順応にかかる期間以外にも、帰国後できるだけ早く還元する必要がある理由があります。それは、日本だけでなく海外も進歩するからです。留学生が留学中に学んだことは、数年経てば過去の遺産です。数年後に還元したところで、何のメリットもありません。その頃にはより素晴らしい技術なりシステムなりを海外は導入していますので、その頃に留学経験のある人の方が重要です。留学経験の貴重さは、日を追うごとに色褪せてしまいます。

以上の点から、帰国者が周囲へ還元できるチャンス、そして、組織としても留学からの帰国者から学べるチャンスは、最初の1年が最も大きいと思っています。

「変えたい」より「変わりたい」

最後に、3回の留学と3回の帰国を経て、周囲に還元するために必要と感じたことを一つ。それは、自身のビジョンや変えたい想いだけでなく、組織の変わりたいという領域から変えていくべきだということです。

日本のシステムは、幾つもの歯車が信じられないような組み合わせで何とか回っていることがあり、一つを変えると全てが崩れる危険があります。物事を一面だけで捉えてはならず、正論は正しい選択ではない可能性があります。まずは、なぜそうなっているのか、なぜ変わろうとしないのかを理解する必要があります。

もし周囲が変わろうとしていないのであれば、それには何か理由があるかもしれません。一つネジを取ると全てが崩れる可能性があります。理想を追い求め、下手な反感を買ってその後の行動全てに悪影響を及ぼすのではなく、まずは組織が変わりたいと思っているところから変えること、貢献することが肝要なのでしょう。もちろん、そのような場合でも、いずれは変えなければならないこともあるはずです。
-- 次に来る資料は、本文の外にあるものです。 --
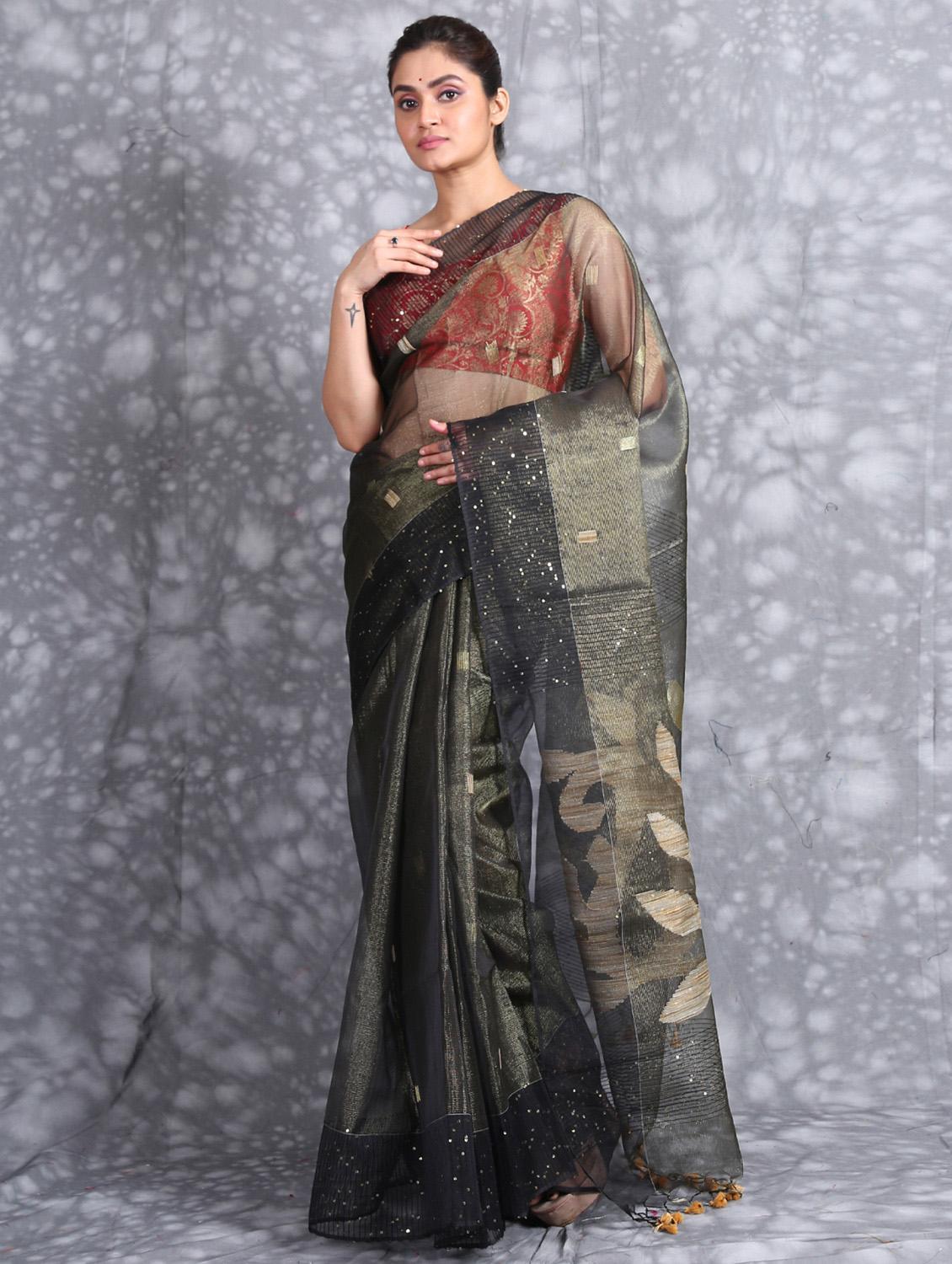 women self design handloom saree with blouse - 22046194 - Zoom Image - 0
しかし、それは帰国後すぐではありません。上記のように時間がないのは事実ですが、熱い想いで突っ走っても誰もついてきません。

まとめ

今回は、複数回による帰国の経験をもとに、帰国後に必要なことや心構えについてまとめました。特に、後半の「帰国後1年が勝負」は、帰国後に時間との戦いが待っていることを訴えており、すでに1年が過ぎてしまった私からのメッセージです。せっかく留学を経験したのであれば、是非とも日本に還元できるよう上手にアクションを起こすことができれば良いですね。